Ok, alors que des personnes étrangères souhaitent la légalisation de la prostitution pour améliorer leur quotidien c'est une chose, mais que diraient-elles si elles avaient la possibilité de quitter ce métier et de ne plus jamais y revenir, tout en continuant de gagner correctement leur vie ? Pour moi c'est surtout cette question qu'il faut se poser. Evidemment si on propose aux gens d'avoir un statut plus stable et mieux payé ils vont dire oui ! Mais si on leur dit qu'ils peuvent éviter de faire ce métier tout court, tout en gardant les avantages (salaire correct, etc), est-ce que tu penses que beaucoup choisiront la prostitution ? C'est une vraie question.
C'est pour ça que pour moi c'est une sorte de cache-misère que de légaliser. Ca revient à améliorer la situation des gens sur le court terme, mais pas du tout à remettre en question le système qui pousse les gens à accepter un métier aux conditions somme toute très difficiles et peu épanouissantes (vu le nombre de personnes prostitué.es qui voudraient faire autre chose). Ca ne remet pas en question les problèmes de fond, et notamment la pauvreté et le manque d'alternatives. C'est pour ça que d'une certaine manière je trouve ça "politiquement correct", dans le sens où on se place du côté des opprimé.es en prétendant défendre leurs intérêts immédiats... Tout en évitant soigneusement de se poser des questions de fond sur l'existence même du système de prostitution, du sexisme et du racisme qui le sous-tendent, de la pauvreté, des questions de rapports de pouvoir dans la société et de la marchandisation du corps humain. En bref, je trouve que c'est une approche assez superficielle, qui ne creuse pas vraiment toutes ces questions. C'est pour ça que ses dérives m'inquiètent.

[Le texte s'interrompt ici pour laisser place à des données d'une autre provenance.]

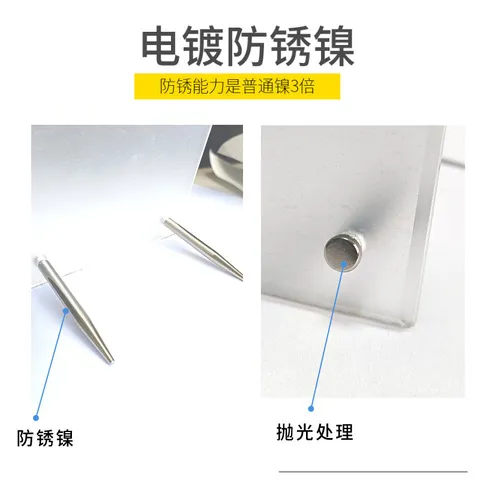 广告钉螺丝钉装饰配件铁镀镍亚克力平头笔尖广告螺丝相框支架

Je pense que si on légalise la prostitution, on va tout simplement se retrouver avec un "monstre" qu'on n'aura pas prévu (faute de réflexion suffisamment poussée) et plein d'effets négatifs (comme les conséquences de la légalisation aux Pays-Bas). Pour moi il faut vraiment réfléchir aussi aux valeurs qu'on veut transmettre aux citoyens du futur : est-ce qu'on veut défendre en priorité l'idée qu'on fait ce qu'on veut de son corps et que la prostitution peut être un métier comme un autre, ou est-ce qu'on veut avant tout défendre l'idée que le corps humain n'est pas marchandable et que les relations sexuelles doivent absolument être désirées ? (j'entends par là désirées sexuellement ou romantiquement, pas pour des raisons économiques).
J'ai l'impression que ces valeurs différentes sont difficilement compatibles
et autant je trouve que les gens font ce qu'ils veulent de leurs fesses dans le domaine du privé, autant il me semble que ce ne sont pas vraiment des valeurs féministes que de sous-entendre que oui, on peut payer pour avoir du sexe, et que le corps des femmes peut se louer comme objet masturbatoire. Ce serait mieux qu'on apprenne aux gens (surtout aux garçons) que les relations sexuelles devraient s'effectuer entre personnes qui ont un désir sincère et partagé, non ? Comment voulez-vous apprendre aux garçons l'importance du consentement et du désir mutuel si on leur apprend que le consentement est monnayable et qu'ils peuvent avoir accès aux corps des femmes s'ils y mettent le prix ? Comment voulez-vous voir la sexualité sous un angle positif et égalitaire s'il y a une question de pouvoir et d'argent qui rentre en jeu ?
Ca semble très contradictoire en fait. Encore une fois, si pour vous les vitrines d'Amsterdam représentent la société féministe du futur, ça fait peur pour la suite...
Sinon je suis d'accord, ça me paraît évident que les associations abolitionnistes devraient mettre le paquet pour aider les personnes qui le souhaitent à sortir de la prostitution, c'est hypocrite de leur part si elles ne soutiennent pas assez ces initiatives. Après je pense que les mouvements abolitionnistes ont leurs défauts, tout comme les non abolitionnistes. C'est pour ça que je trouve difficile de soutenir à fond les uns ou les autres.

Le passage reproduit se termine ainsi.